FRANCHEMENT INJURIEUX - André ne se doutait pas du désagrément que son manque de franchise allait causer à son ami. Comme nous le disions, la jeune fille avait contacté son père au village. Le vieux s’était aperçu que sa fille l’avait appelé avec un numéro qui n’était pas le sien. Il avait très mal digéré ce fait et après avoir réfléchi, il se décida à appeler le propriétaire de ce numéro qui n’était connu de personne de la famille. Djibo quand il décrocha eut la surprise s’entendre interpeller par quelqu’un qui ne prit même pas la peine de le saluer. « C’est avec votre numéro, lui lança son interlocuteur, que quelqu’un vient d’appeler tout de suite. Qui êtes-vous pour cette personne ? Dites-le moi, sinon je peux vous créer des problèmes. Moi je suis au village, c’est ma fille qui est à Bamako et je veux savoir qui vous êtes pour elle ». Djibo conserva son calme et s’abstint tout d’abord de réagir. Lorsque son interlocuteur eut terminé sa diatribe, il essaiera de lui expliquer la façon dont les choses se sont passées. Mais ses explications ne furent même pas écoutées par le vieux qui perdait de plus en plus son sang-froid au point de devenir franchement injurieux.
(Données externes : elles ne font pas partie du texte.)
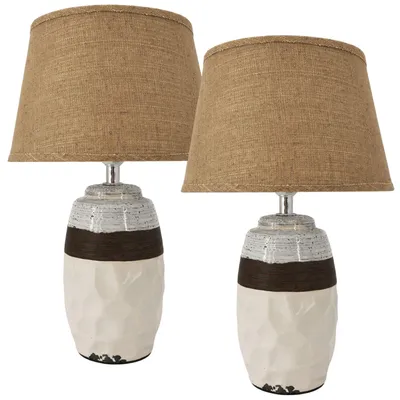 Produktbild von 2x Tischlampe Lampe Nachttischlampe Tischleuchte Nachttisch Leuchte braun beige
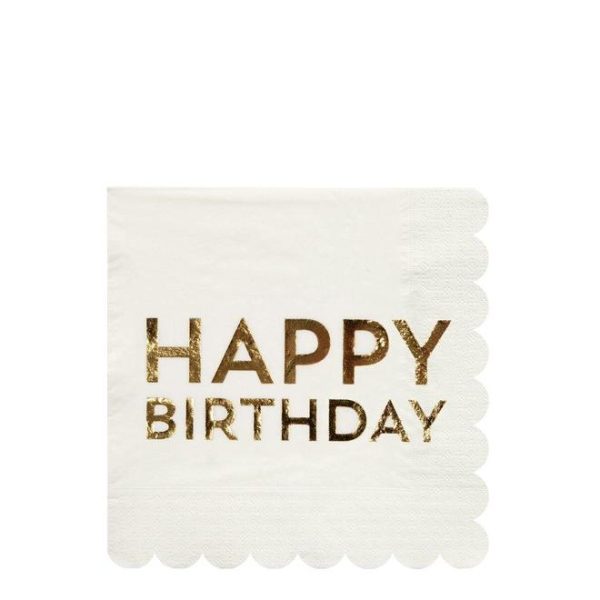 Gold Happy Birthday Luncheon Napkins Sale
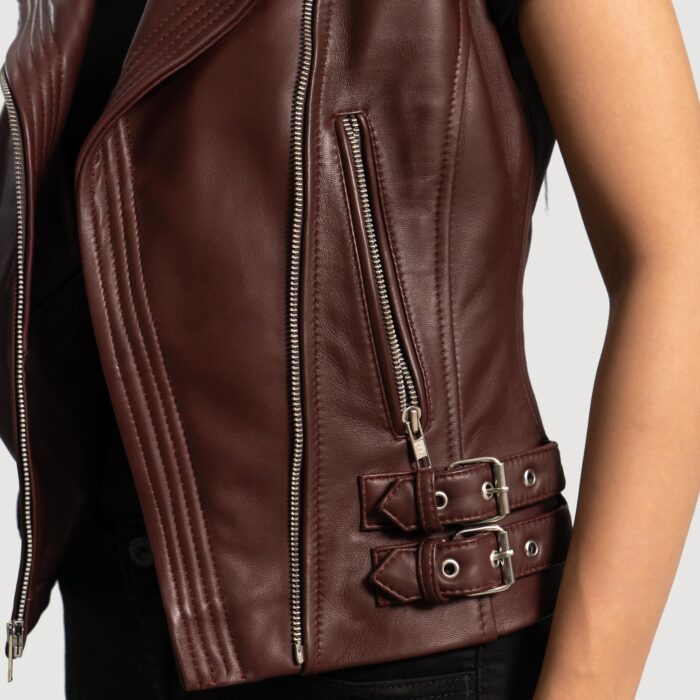 Rhonda Maroon Leather Biker Vest 6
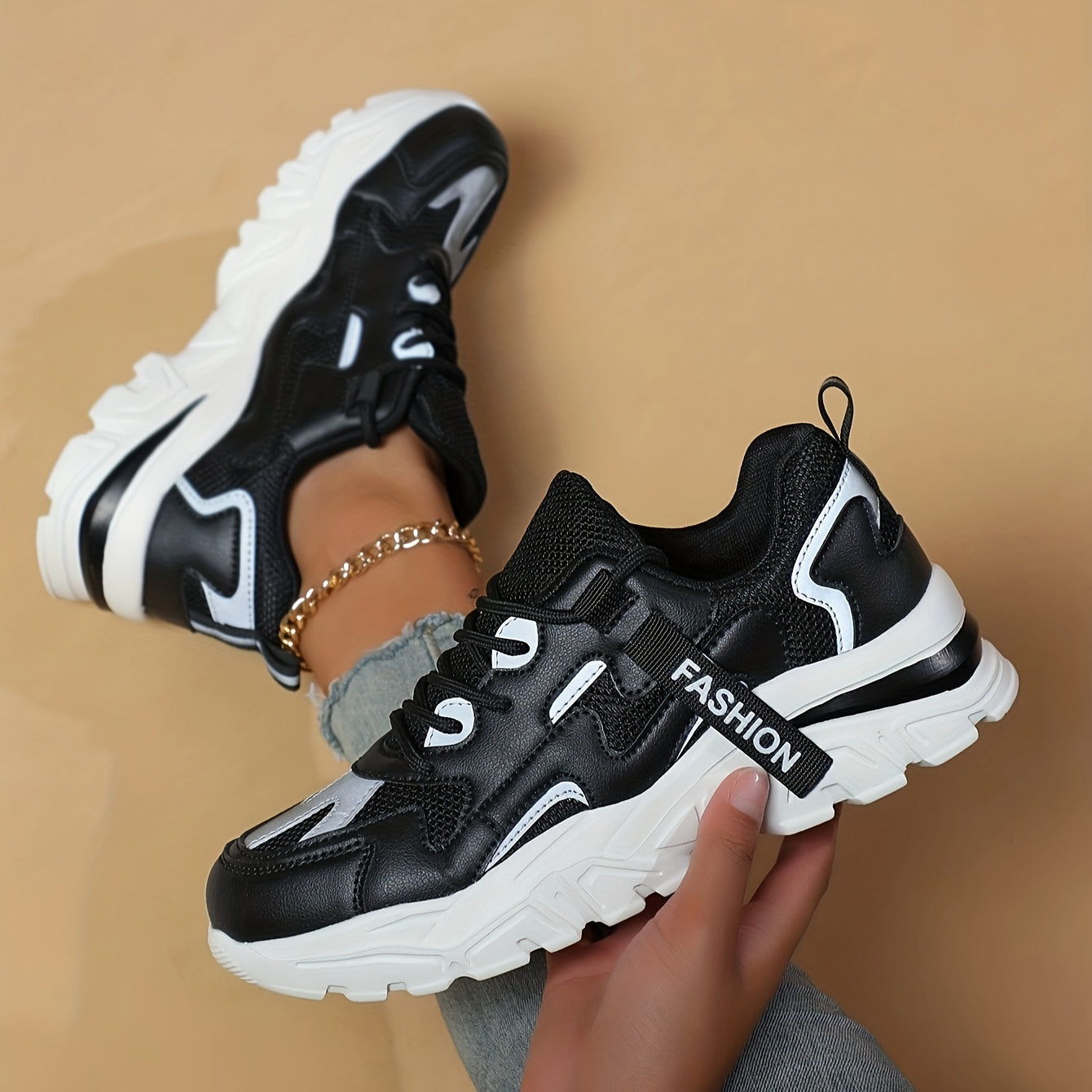 CHUNKUP™️Women's Shoes Breathable Mesh Chunky Sneakers - All-Season Comfortable Walking & Running Shoes, Thick Sole, Casual Sporty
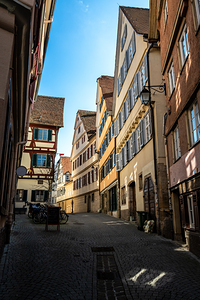 Picturesque back lane in the old town of Tübingen in Southern Germany 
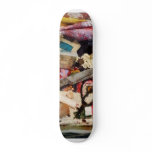 Basket of Sewing Supplies Skate Boards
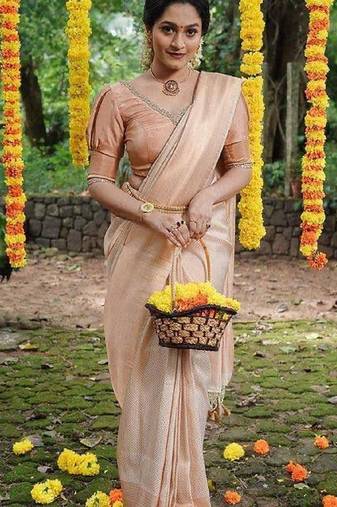 Beige soft silk blend banarasi jacuard work designer party wear saree with unstitched blouse piece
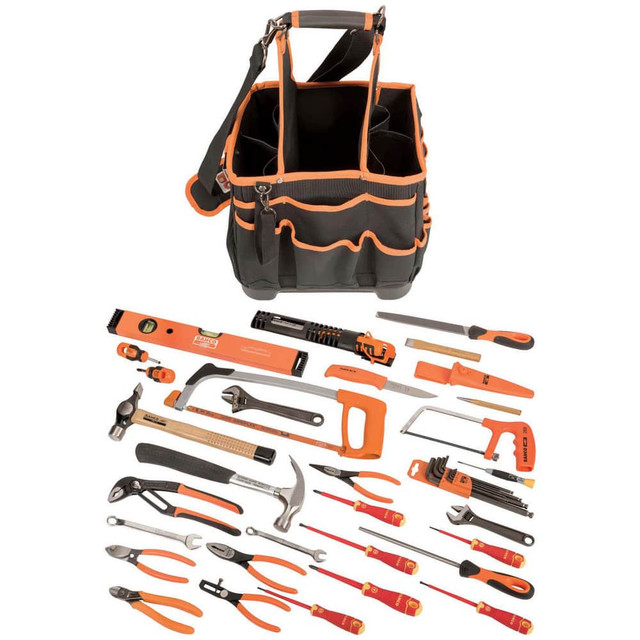 Bahco 4750FB312TS4 Combination Hand Tool Sets; Set Type: Electrician ; Number Of Pieces: 35 ; Measurement Type: Inch & Metric ; Tool Finish: Chrome ; Container Type: Tool Bag ; Tether Style: Tether Ready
Heureusement pour Djibo, André arriva au même moment où le vieux venait de couper brutalement la communication. Djibo, qui s’était jusque là retenu, entra dans une violente colère et exigea du jeune homme que ce dernier lui donner des explications sur ce qu’il avait fait avec son téléphone. Sans détour, André reconnut son tort et avoua qu’il avait pris le téléphone non pas pour lui-même, mais pour sa petite amie. Celle-ci devait appeler effectivement son père au village comme elle le faisait régulièrement depuis qu’elle était arrivée dans la capitale il y a environ cinq mois. André, qui était du même village que la fille et qui connaissait fort bien la famille, reprit l’appareil de Djibo et rappela le père de son amie pour lui expliquer ce qui s’était passé. Le dernier, confus de son manque de courtoisie, tint à parler à Djibo. Il se confondit littéralement en excuses. Mais le mal était déjà fait. Djibo jura que ce serait la dernière fois qu’il se montrait aussi disponible avec son téléphone. Comme dirait l’autre, chat échaudé craint l’eau froide.